Initialization sources

As widely known, the main component of patchguard is initialized in a misleadingly named
function "KiFilterFiberContext". It will be the starting point of our investigation. Looking for
cross-references doesn't help us much for pointing out its call site, but several articles help us
by stating that patchguard initialization is called indirectly in a function

"KeInitAmd64SpecificState". By indirectly we mean here not just an indirect call, but the usage
of exception handlers. It is a very common trick often found in patchguard-related functions, as
we'll see further. So, we have an initialization function call stack:


... -->  Phase1InitializationDiscard --> KeInitAmd64SpecificState ->  KiFilterFiberContext
 (call)                               (call)                       (exception)

This type of initialization is described in more detail in [1]. By the way, this one is always called
on the last CPU core, if it matters.

However, it is not the only way that kernel uses to initialize patchguard. With a 4% probability
patchguard context can also be initialized from a function also misleadingly called
"ExpLicenseWatchInitWorker":

... -->  Phase1InitializationDiscard -->  sub_14071815C (obviously with a stripped symbol because this one processes Windows license type for a current PC) -->  ExpLicenseWatchInitWorker

The pseudocode of this function looks like this:


VOID ExpLicenseWatchInitWorker()
{
      PVOID KiFilterParam;
      NTSTATUS (*KiFilterFiberContext)(PVOID pFilterparam);
      BOOLEAN ForgetAboutPG;

      // KiServiceTablesLocked == KiFilterParam
      KiFilterParam = KiInitialPcr.Prcb.HalReserved[1];
      KiInitialPcr.Prcb.HalReserved[1] = NULL;

      KiFilterFiberContext = KiInitialPcr.Prcb.HalReserved[0];
      KiInitialPcr.Prcb.HalReserved[0] = NULL;

      ForgetAboutPG = (InitSafeBootMode != 0) | (KUSER_SHARED_DATA.KdDebuggerEnabled >> 1);

      // 96% of cases will fail

      if ( __rdtsc() % 100 > 3 )
            ForgetAboutPG |= 1;

      if ( !ForgetAboutPG && KiFilterFiberContext(KiFilterParam) != 1 )
            KeBugCheckEx(SYSTEM_LICENSE_VIOLATION, 0x42424242, 0xC000026A, 0, 0);
}



As you may notice, there is a small "present" in the “HalReserved” processor control block field
left for this initialization case. Tracing down the guy who left it leads us to the very beginning of
system startup:

... -->  KiSystemStartup -->  KiInitializeKernel -->  KeCompactServiceTable -->  KiLockServiceTable -v ??????
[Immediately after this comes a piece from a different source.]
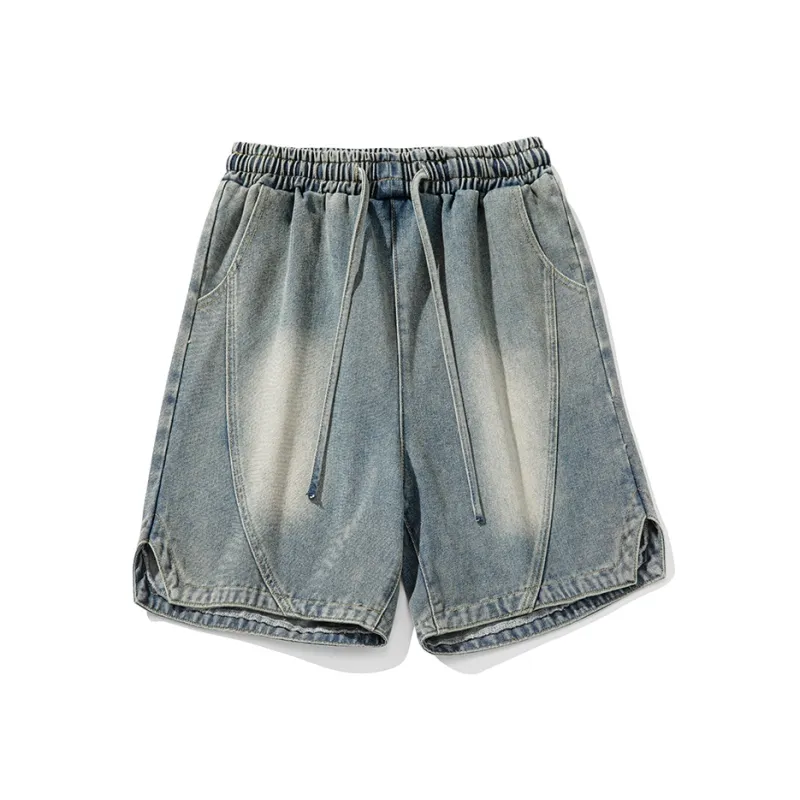 HOZZS Denim Shorts Unisex-3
We have to pause here, because there is no code that puts data into HalReserved fields
directly. As instead, it is done using the exception handler. And it is done in a different way
from "KeInitAmd64SpecificState", because it doesn't trigger any exceptions. What it does
instead is – it directly looks up the current instruction pointer, finds the corresponding function
and it's exception handler manually, and then calls it. The exception handler of
"KiLockServiceTable" function is an unnamed stub to the "KiFatalExceptionFilter".

?????? --->  KiFatalExceptionFilter

“KiFatalExceptionFilter” in turn looks up an exception handler for "KiServiceTablesLocked"
function. And surprisingly it is the "KiFilterFiberContext"! Also, a parameter that is passed to
"KiFilterFiberContext" is located right after the "KiServiceTablesLocked" function. It is a small
structure:


typedef struct _KI_FILTER_FIBER_PARAM
{
      NTSTATUS (*PsCreateSystemThread)(); // a pointer to
                                    // PsCreateSystemThread function

      KSTART_ROUTINE sub_140235C44; // unnamed checker subroutine
      KDPC KiBalanceSetManagerPeriodicDpc; // global DPC struct

} KI_FILTER_FIBER_PARAM, *PKI_FILTER_FIBER_PARAM;


"KiFatalExceptionFilter" stores these pointers to “HalReserved” fields.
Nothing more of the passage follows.